If the Nasdaq slices through its intraday lows from January, the next stop is the 50% retracement, around the 1,985 level. Circled in pink, notice how the low of July 2006 coincides with this 50% level. This is not coincidence, as the magic of Fibonacci retracements is that they often line up with prior significant areas of price support or resistance. When there is convergence of a Fibonacci level and a prior low, the support becomes even stronger. Taking it a step further, the low of August 2004 nicely aligns with the 61.8% Fibonacci retracement at 1,778. Because of this convergence at all levels, we believe these are the “big picture” levels of price support to watch in the Nasdaq: 2,191, 1,985, and 1,778. You may want to set alerts on your trading software to notify you of a test of these levels, as they represent good prices to cover any short positions and/or dip a toe in the water on the buy side.

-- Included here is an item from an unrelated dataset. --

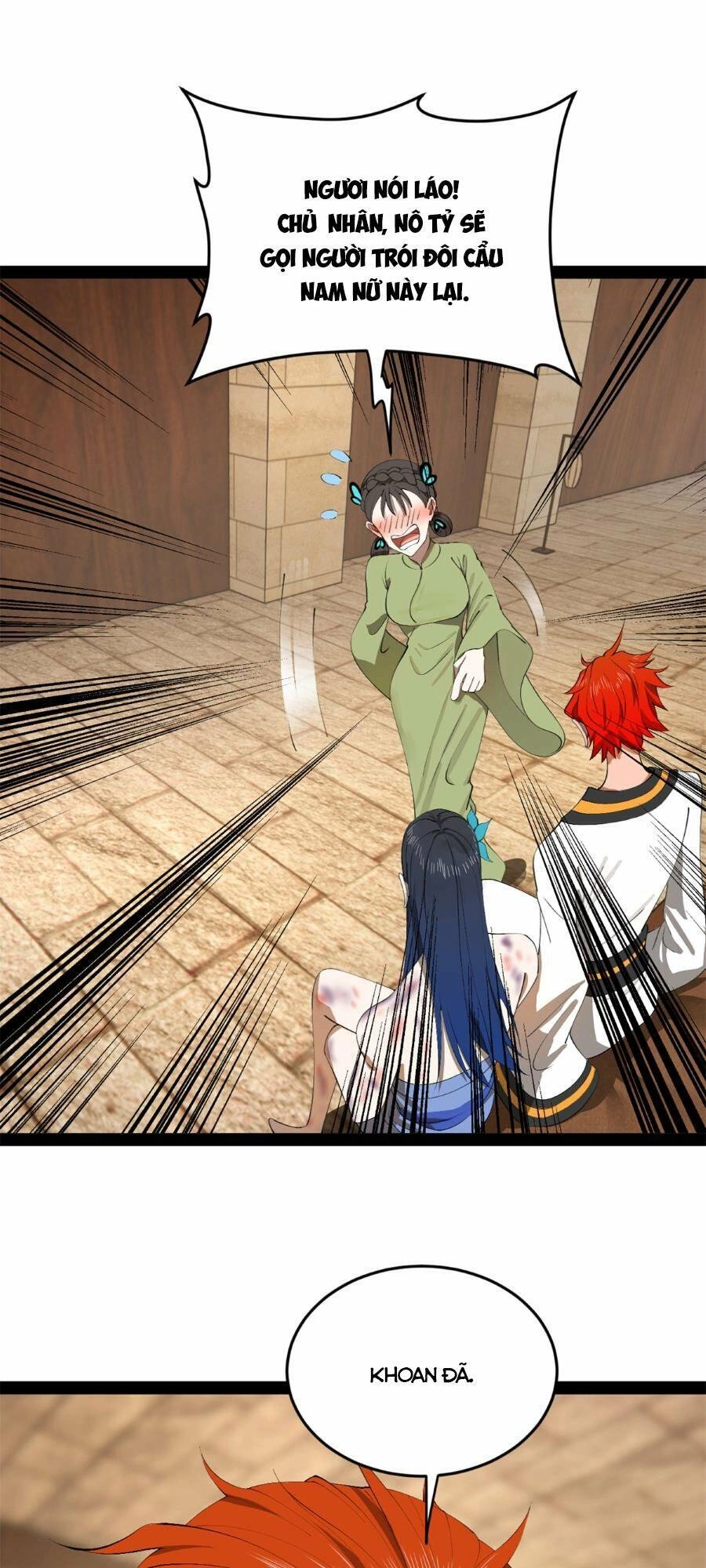 Chàng Rể Mạnh Nhất Lịch Sử Chapter 143 - 31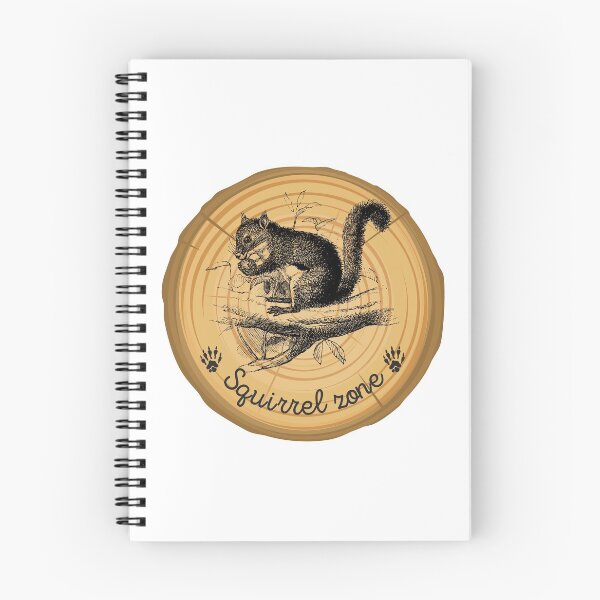 Item preview, Squirrel zone designed and sold by Mrchaje.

In case you’re not yet impressed with the convergence of price support and Fibonacci retracement levels in the Nasdaq, you may find it interesting that we have essentially the same technical picture in the S&P 500. As per the monthly chart below, 1,267, 1,172, and 1,077 should act as major support levels in the S&P:
It’s looking more and more like a test of the 50% retracement levels is going to happen, but that doesn’t mean there won’t be some violent short squeezes and counter-trend retracements along the way. There are sufficient opportunities for profitable trading out there, but the two keys are to reduce your share size and utilize a shorter-than usual time horizon on all trades. The less time in the market, the less overall risk.

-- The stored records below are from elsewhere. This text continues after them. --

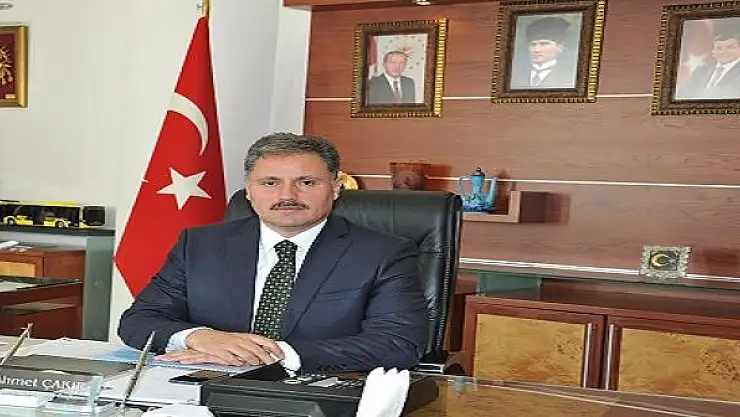 ÇAKIR: ENGELLİ OLMAK BİR NOKSANLIK  DEĞİLDİR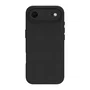 Dbramante1928 Funda Roskilde MS de Cuero para iPhone 17 Air Negro, Compatible con Carga MagSafe y Resistente a Rayones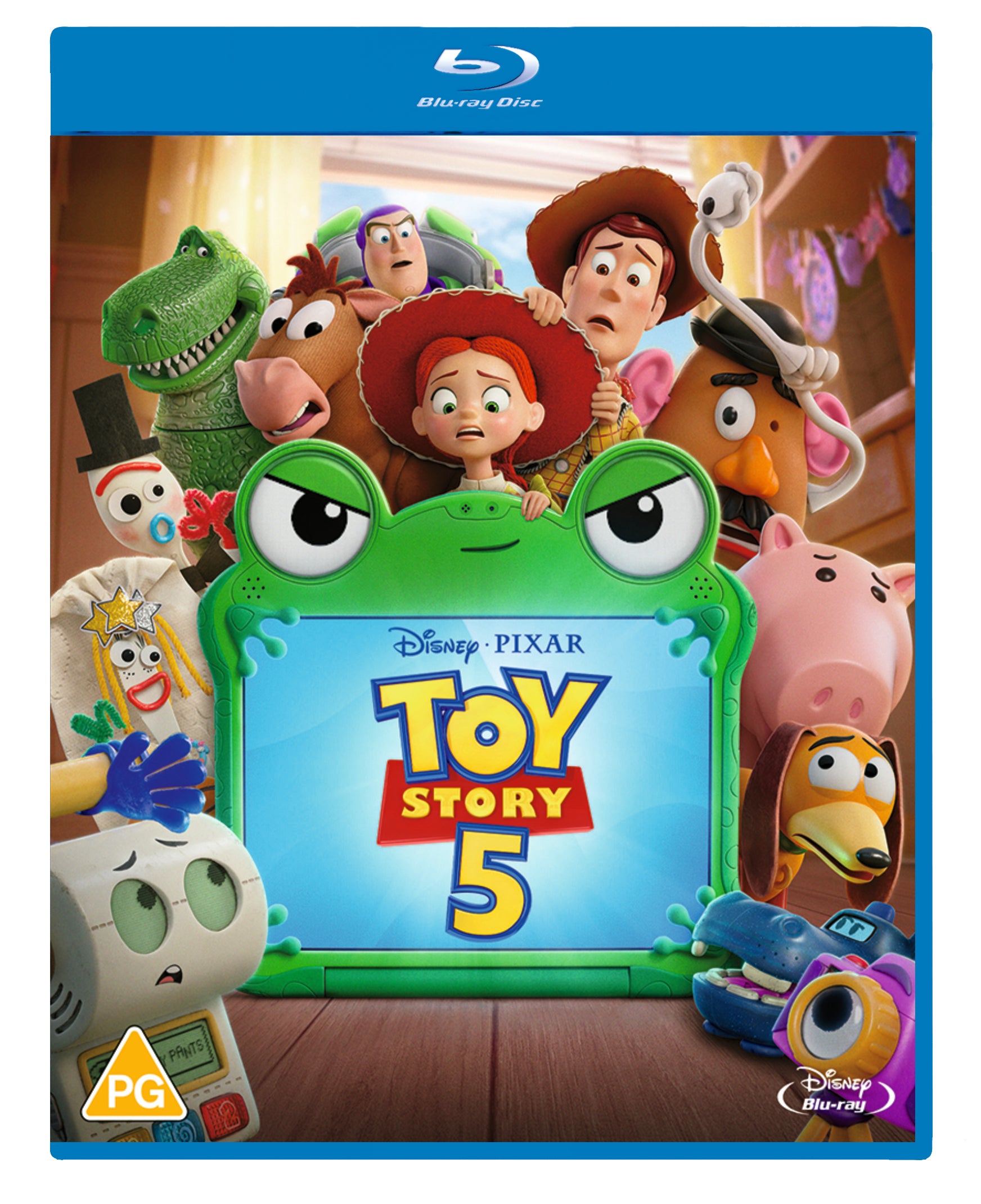 Toy Story 5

There are no pre-market trade setups. We will send an intraday e-mail alert if/when we enter anything new. Otherwise, we’ll just focus on managing our increasingly profitable DXD position.
Daily Performance Report:
Below is an overview of all open positions, as well as a performance report on all positions that were closed only since the previous day’s newsletter. Net P/L figures are based on the $50,000 Wagner Daily model account size. Changes to open positions since the previous report are listed in red text below:
Open positions (coming into today):
DXD long (400 shares from February 28 entry) – bought 54.84, stop 57.18, target 59.85, unrealized points = + 2.98, unrealized P/L = + $1,192
Closed positions (since last report):
Current equity exposure ($100,000 max. buying power):
We tightened the DXD stop via intraday e-mail alert, and raised it again today. Our new DXD stop is below yesterday’s low, which should now act as support if it is to follow through to the upside (and the Dow to the downside).